## Your assignment
For the material below, the expected output is exactly the lines between the line holding "miracle-sounds-future-house-superstars-3-constructions-kits" and the line holding "Dad & Cuter", inclusive, with pictures left out.

## Supplied data
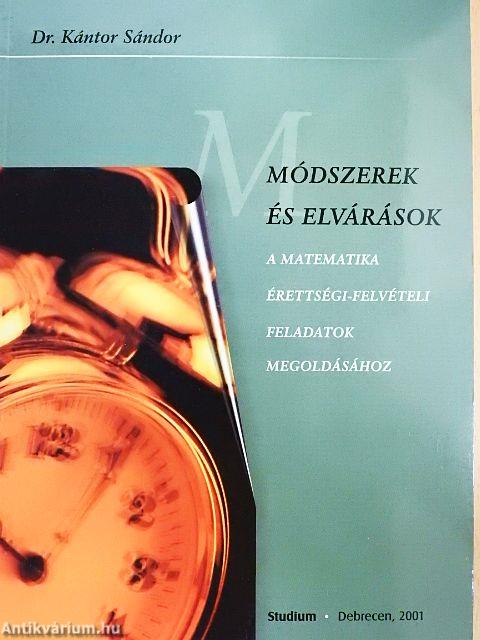 Módszerek és elvárások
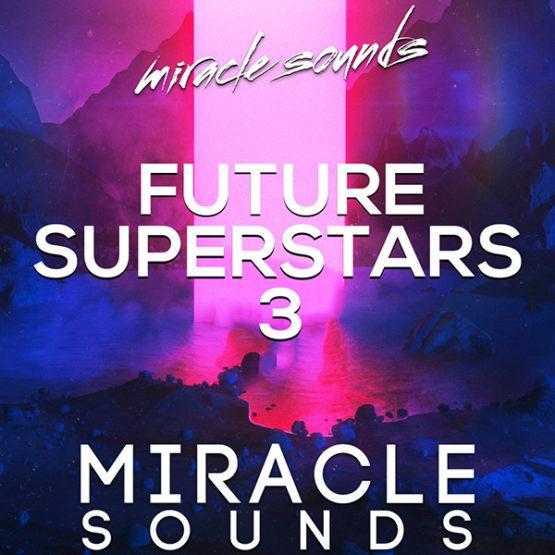 miracle-sounds-future-house-superstars-3-constructions-kits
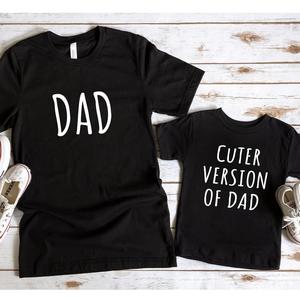 Dad & Cuter Version Of Dad Matching Black T-Shirts (ITEMS SOLD SEPARATELY)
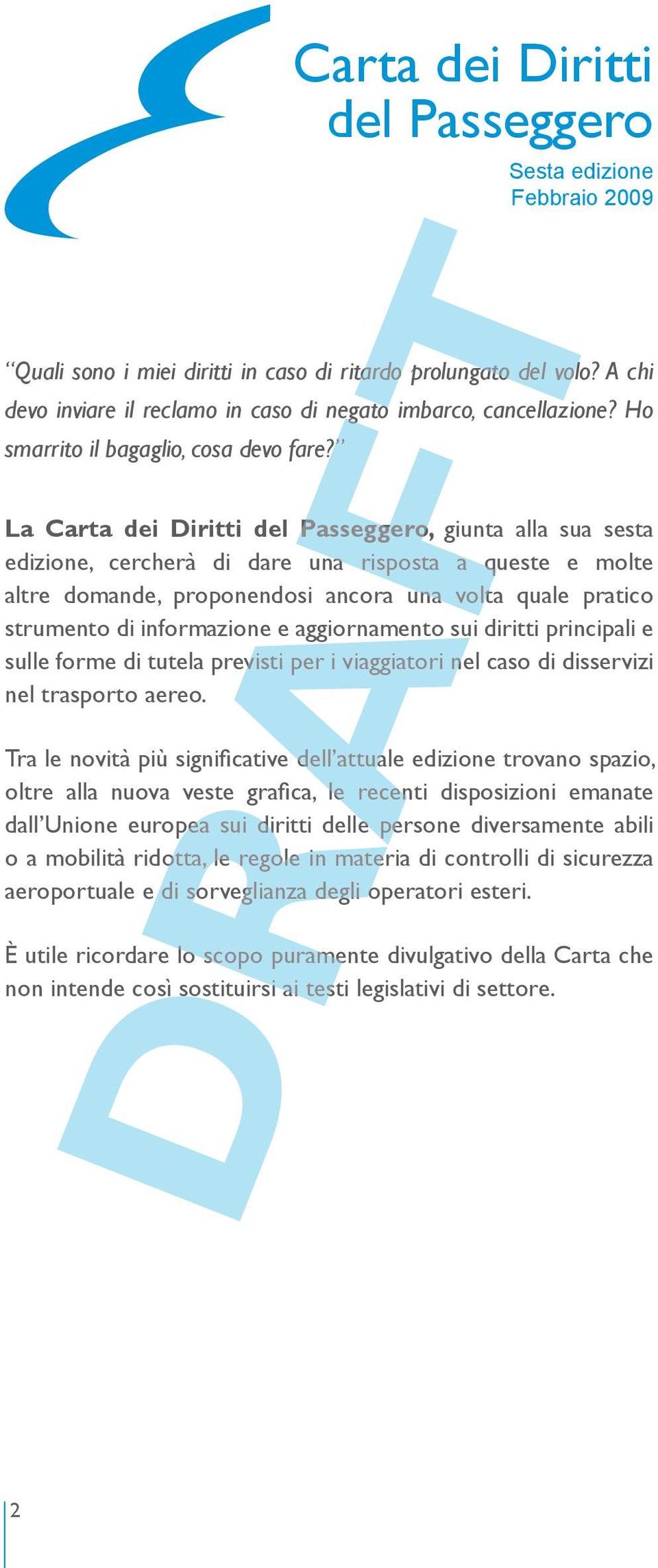 proponendosi ancora una volta quale pratico strumento di informazione e aggiornamento sui diritti principali e sulle forme di tutela previsti per i viaggiatori nel caso di disservizi nel trasporto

## Task response
 miracle-sounds-future-house-superstars-3-constructions-kits
 Dad & Cuter Version Of Dad Matching Black T-Shirts (ITEMS SOLD SEPARATELY)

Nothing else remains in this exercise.